Current Measurements (WASM-on-Node)
| Stage | Native (ms) | WASM (ms) | Ratio | Notes |
|---|---|---|---|---|
| fonts | 5 | 7 | 1.4× | Healthy |
| layout | 239 | 4,272 | 17.9× | Taffy tree + flex compute |
| geometry | 121 | 4,017 | 33× | DFS transform/bounds propagation |
| effects | 3 | 5 | 1.7× | Healthy |
| layers | 427 | 2,182 | 5.1× | Flatten + RTree |
| total | 796 | 10,484 | 13.2× |
Stages with healthy ratios (fonts, effects) confirm that simple per-node work runs at 1.5-2× in WASM. The pathological ratios in geometry/layout/layers indicate something structurally cache-unfriendly.
Root Cause Analysis
What we ruled out
These were investigated and either fixed or confirmed not the bottleneck:
- HashMap overhead — Replaced with
DenseNodeMap(Vec-backed). Fixed fonts/effects ratios but geometry/layout/layers unchanged. - Function parameter count — Reduced
build_recursivefrom 9 params to 5 via context struct. No measurable change. - Redundant text measurement — Geometry was calling
paragraph_cache.measure()for all 27k text spans even when layout results existed. Fixed (skip when layout provides dimensions). Helped native slightly, no WASM change. - RTree sequential insert — Replaced
RTree::new()+ N inserts withRTree::bulk_load().

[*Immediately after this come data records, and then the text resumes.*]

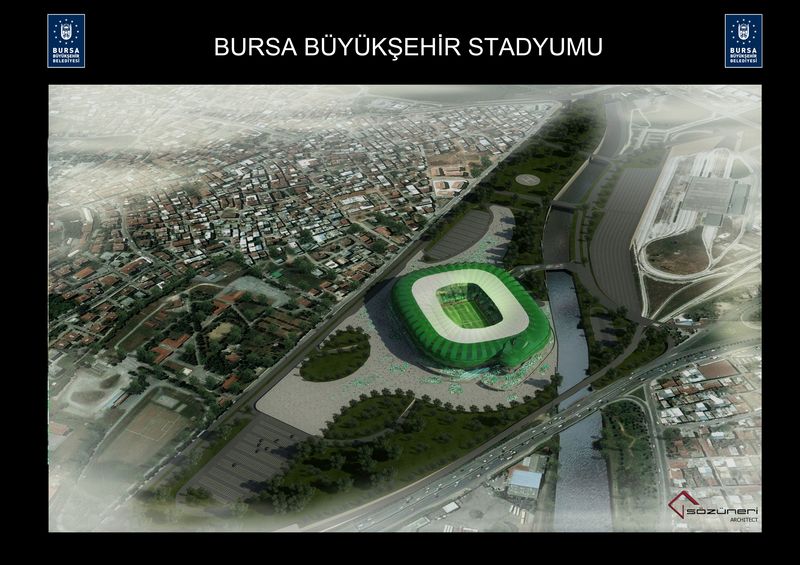 Bursa Timsah Arena Stadium - Seatorium™'s Auditorium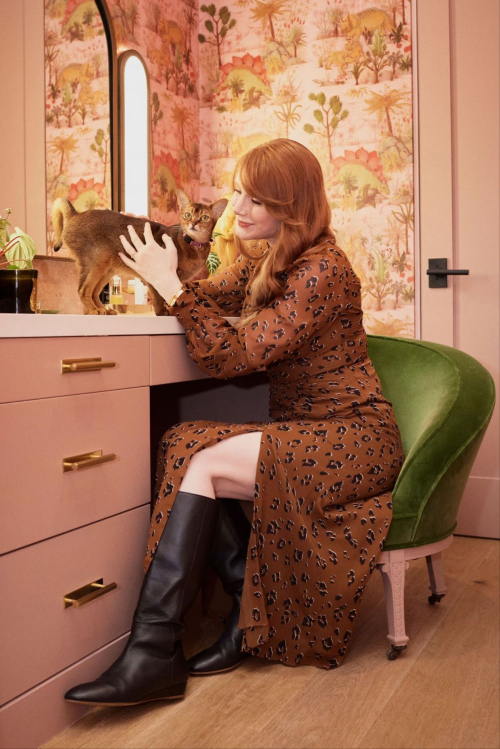 Bryce Dallas Howard for Financial Times, January 2024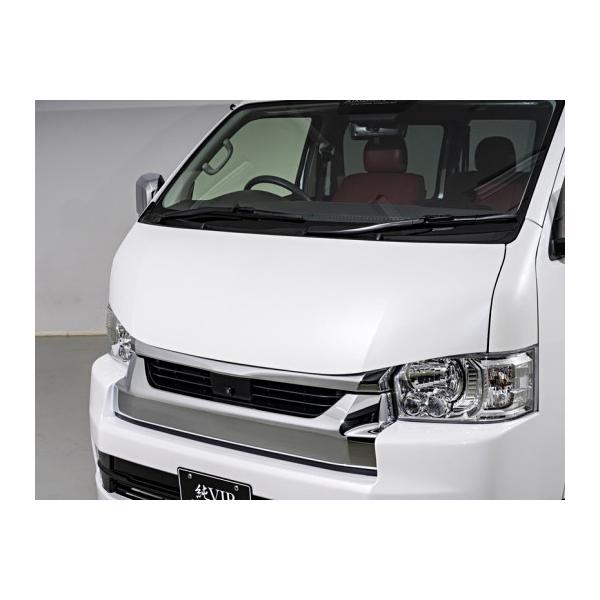 ハイエース200系（4.5.6.7型/ワイド車ミドルルーフ用） 純VIP バット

Marginal improvement. taffy_to_sceneHashMap — Was written to on every node insert but only read in#[cfg(test)]. Gated behind#[cfg(test)]. No measurable change.
What IS the bottleneck
The Node enum has 15 variants, each containing a full *NodeRec struct (transform, paints, effects, text content, vector networks, etc.). During the geometry DFS, every graph.get_node(id) fetches a reference into a Vec<Option<Node>> where each slot is the size of the largest variant — likely 500+ bytes.
For 136k nodes, the DFS touches ~65MB of node data, most of which is irrelevant to geometry (paints, text content, etc.). In WASM's linear memory model, this cache-unfriendly access pattern is amplified:
- Native: L1/L2 cache prefetching partially hides latency → 0.9μs/node
- WASM: Linear memory accesses compile to bounds-checked loads, no hardware prefetch → 29μs/node (33×)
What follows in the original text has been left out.